Okay, so that’s a story from the bad old days, nearly a quarter of a century ago. So what? We’re getting there, just a moment.
Much of my work these days involves the investments industry, so I’ll deviate into a bit of finance for a moment. I just read an article on The Five Cs of Counterparty Risk which turns out to be Counterparty, Contract, Collateral, Concentrations & Credit analytics. Each of these items can be challenging to describe, measure, assess, etc. on their own. Evaluating all five together is more difficult, but then consider that you might have other contracts with their own Five Cs, and things might not be independent among these contracts. It gets complicated in a hurry.
What does this have to do with database technology? The article mentioned a survey which found “that 70 percent of companies use spreadsheets or internally assembled systems to manage counterparty credit risk.” It would be nice to know the breakout of that 70 percent, but I wouldn’t be surprised if spreadsheets made up the largest part.
I don’t see the spreadsheets going away. People are excited about Microsoft’s new PowerPivot technology and the idea of tying SQL Server together with Excel. If you generate reports from a database system, I’d be surprised if at least some of them aren’t requested in Excel format. Think you can refuse to produce Excel reports? Then users will go to elaborate means to get data into Excel, perhaps risking the integrity of that data. The reasons users do this are varied. They know Excel and don’t want to learn the interface you’ve provided.

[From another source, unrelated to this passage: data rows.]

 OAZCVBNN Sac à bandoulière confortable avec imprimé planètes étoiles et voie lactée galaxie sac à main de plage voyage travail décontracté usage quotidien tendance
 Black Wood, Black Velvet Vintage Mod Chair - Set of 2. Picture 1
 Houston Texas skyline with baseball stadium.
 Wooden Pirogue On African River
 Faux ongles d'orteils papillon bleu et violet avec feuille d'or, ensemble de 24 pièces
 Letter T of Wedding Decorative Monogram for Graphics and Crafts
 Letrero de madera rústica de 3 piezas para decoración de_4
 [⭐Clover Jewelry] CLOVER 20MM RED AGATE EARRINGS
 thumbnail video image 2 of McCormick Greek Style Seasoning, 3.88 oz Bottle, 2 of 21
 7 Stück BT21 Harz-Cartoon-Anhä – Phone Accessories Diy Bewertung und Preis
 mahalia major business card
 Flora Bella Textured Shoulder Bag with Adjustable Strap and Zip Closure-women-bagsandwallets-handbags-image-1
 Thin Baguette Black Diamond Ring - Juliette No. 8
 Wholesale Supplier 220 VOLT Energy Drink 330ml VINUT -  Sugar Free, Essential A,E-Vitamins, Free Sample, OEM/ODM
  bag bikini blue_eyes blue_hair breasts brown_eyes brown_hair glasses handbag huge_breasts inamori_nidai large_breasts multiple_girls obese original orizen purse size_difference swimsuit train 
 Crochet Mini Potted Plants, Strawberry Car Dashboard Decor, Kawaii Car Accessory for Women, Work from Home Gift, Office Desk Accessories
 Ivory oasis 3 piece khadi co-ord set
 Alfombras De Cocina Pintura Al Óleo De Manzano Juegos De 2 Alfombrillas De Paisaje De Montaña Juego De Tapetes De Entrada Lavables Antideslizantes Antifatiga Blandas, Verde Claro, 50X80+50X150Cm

The interface you’ve provided doesn’t do what they want. They want to add columns, calculations or charts and it takes the development team too long to add them to reports. And so on.
We can do the data modeling right, properly design the database, get all the application components correct. The output goes into spreadsheets, where columns get added, new calculations are done, data elements are converted to other formats, macros are run, etc. For all we know, this is the actual form that is used for decision making, not the output of our well-designed system. If things go awry, if something looks wrong, someone will say “But it came from the database, it has to be right.”
So what are we to do as data professionals? I appreciate the information wants to be free concept, but just repeating that slogan as we shrug our shoulders is too easy. Without being overly restrictive, can we know what’s happening with data downstream? If we know that, are we prepared to react in a productive manner?